La metaloproteinasa 7 de la matriz juega un papel fundamental en la progresión del tumor y la metástasis como una enzima que puede degradar la composición de la matriz celular y escindir los péptidos entre la alanina y la leucina en varios procesos de activación biomolecular. En este trabajo, se diseñó un nanocompuesto de carbono funcionalizado con Pd como un nuevo potenciador de impedancia para un sensor amperométrico de MMP-7. Las nanopartículas de Pd en el potenciador pueden catalizar la oxidación de 4-cloro-1-naftol con H ₂ O ₂ para generar precipitación insoluble in situ, formando una precipitación de alta resistencia en los electrodos. Además, las nanoesferas de carbono poco conductoras del nanocompuesto aumentaron la resistencia a la precipitación, lo que provocó además un aumento espectacular de la resistividad del potenciador y, posteriormente, una disminución significativa de la corriente. Esto puede promover significativamente la diferencia de señal actual entre el biosensor tratado con y sin el analito objetivo, que está directamente relacionado con la sensibilidad del biosensor amperométrico. En general, el biosensor electroquímico puede detectar con sensibilidad MMP-7 en el rango de 100 fg mL ⁻¹ a 100 ng mL ⁻¹ con un límite de detección para MMP-7 de 17.38 fg mL ⁻¹ .

Antecedentes

La metaloproteinasa de matriz-7 (MMP-7), una enzima que puede degradar la composición de la matriz extracelular [1], se destaca por su papel fundamental en la progresión tumoral y la metástasis [2, 3]. El contenido de MMP-7 en las muestras de suero se asocia con metástasis en los ganglios linfáticos en pacientes con algunos cánceres, como el cáncer de glándulas salivales [4], el adenocarcinoma de colon [5] y el carcinoma de células renales de alto grado [6]. Debido a sus diversas funciones en los procesos fisiológicos, la detección de alta sensibilidad y precisión de MMP-7 ha atraído una intensa atención de investigación [7], lo que ha llevado al desarrollo de varios enfoques, que incluyen colorimetría [8], electroquimioluminiscencia (ECL) [9] y fluorescencia. análisis de transferencia de energía de resonancia (FRET) [10]. Sin embargo, el límite de detección (LOD) de estos enfoques suele estar en el rango de picogramos y, por lo tanto, no es lo suficientemente bajo. En comparación con estos métodos, los biosensores electroquímicos ofrecen capacidades de detección de MMP-7 mucho más avanzadas con un LOD más bajo en el nivel de femtogramos [11]. Además, se han construido algunos métodos analíticos para cumplir con el requisito urgente de detección electroquímica ultrasensible de MMP-7 mediante ensayos electroquímicos debido a su bajo costo y miniaturización [12].

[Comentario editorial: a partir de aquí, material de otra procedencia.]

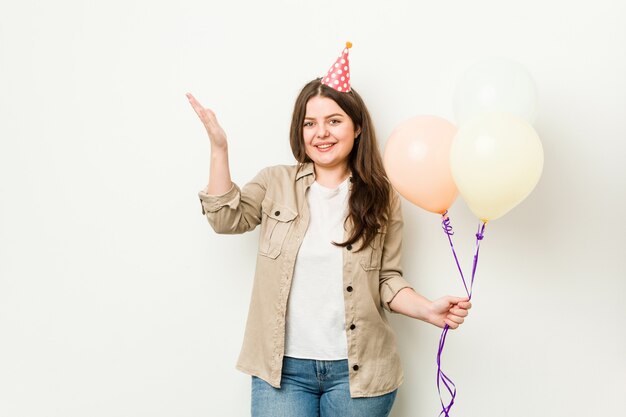 즐거운 놀라움을 받고, 흥분과 손을 올리는 생일을 축하하는 젊은 여자.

En muchos protocolos electroquímicos, la reacción biocatalítica enzimática es aplicable en la amplificación de señales para promover el rendimiento del biosensor amperométrico [13, 14]. Sin embargo, era bien sabido que la enzima, el catalizador más utilizado en reacciones catalíticas, tenía deficiencias obvias tanto en la actividad ambientalmente sensible como en las bajas estabilidades [15, 16, 17, 18, 19]. Por lo tanto, el desarrollo de un catalizador estable y de alta eficiencia es una prioridad máxima en la construcción de un ensayo electroquímico ultrasensible para la detección de MMP-7. El Pd es un material de metal noble con propiedades catalíticas superiores y posee una alta estabilidad química en reacciones catalíticas [20, 21]. Además, el material de carbono puede actuar como un soporte químico inerte en catalizadores para adsorber materiales de metales nobles y retener las propiedades catalíticas [22, 23].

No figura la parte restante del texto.